Tuesday, March 24, 2009

Come To My Arms, My Beamish Boy

The past four days were spent sitting in a not-so-lovely grotto of statistical formulae. I had a Statistics mid-term; this is not a subject that is reflexive for me. If you want me to put pen to paper or write a song, do an interpretive pas de une, sculpt with found objects, mime, joke, cut up text from Paradise Lost and collage it into something new – in other words, be singularly right-brained, mutable, incomprehensible even – then fantastic: you shall find yourself Welcome To My World of Wonderment.

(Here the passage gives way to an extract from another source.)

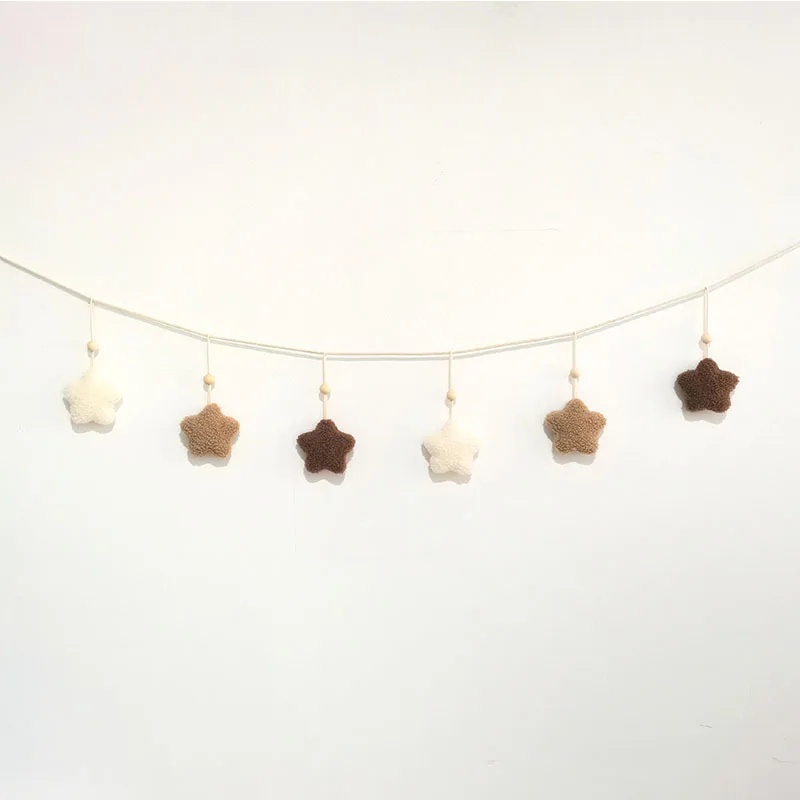 Plush Moon Star Flower Banner Flag Hanging Decoration Baby Kids Room Ornaments Fluffy Garlands String Nursery Decor Photo Props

The margins of my school notes are populated by octopus and cuttlefish, with heads of roses, cupcakes, crab carapaces. Muscular men, multiple moustaches, ladies turned into gentlemen: these are my soothing companions to the summation of n squared times its probability. I’ve been patrolling my own borders with these characters since I can remember, and while they’re a comforting protection, they are also defensive, a diversion from whatever’s threatening me.

Mathematics is a threat. Rather, my perception of mathematics is that it is a threat. There’s something about the action of testosterone, however, on this former lady-brain, that has created, if not an opening, at least a beginning of an understanding. I find myself in less of a panic around all things algebraic, is what I’m saying to you. Now, you might posit that this is an effect of study, or of maturity even, and I will assent; these things have certainly abated my abject terror of calculation.

But the level of my dread, my incomprehension, my capacity for sheer dissociative terror, cannot be underestimated.

Nine months into hormone therapy, I find myself understanding what it is I don’t know. I understand how I need my information packaged. The free-floating alarm is contained by this new capacity. I am teachable. Some part of my foot is connected to earth.

Everything about being a lady, for me, was scattershot, gaseous, dilute. It was my version of the reknown female empathy, our relatedness to others, our Aquarian ability to merge air and make connections in space. The hormonal male has a heat-seeking capacity the hormonal female did not, at least in this body. I can zero in; I feel less pixilated. Untethered is the word that comes to mind, pre-T.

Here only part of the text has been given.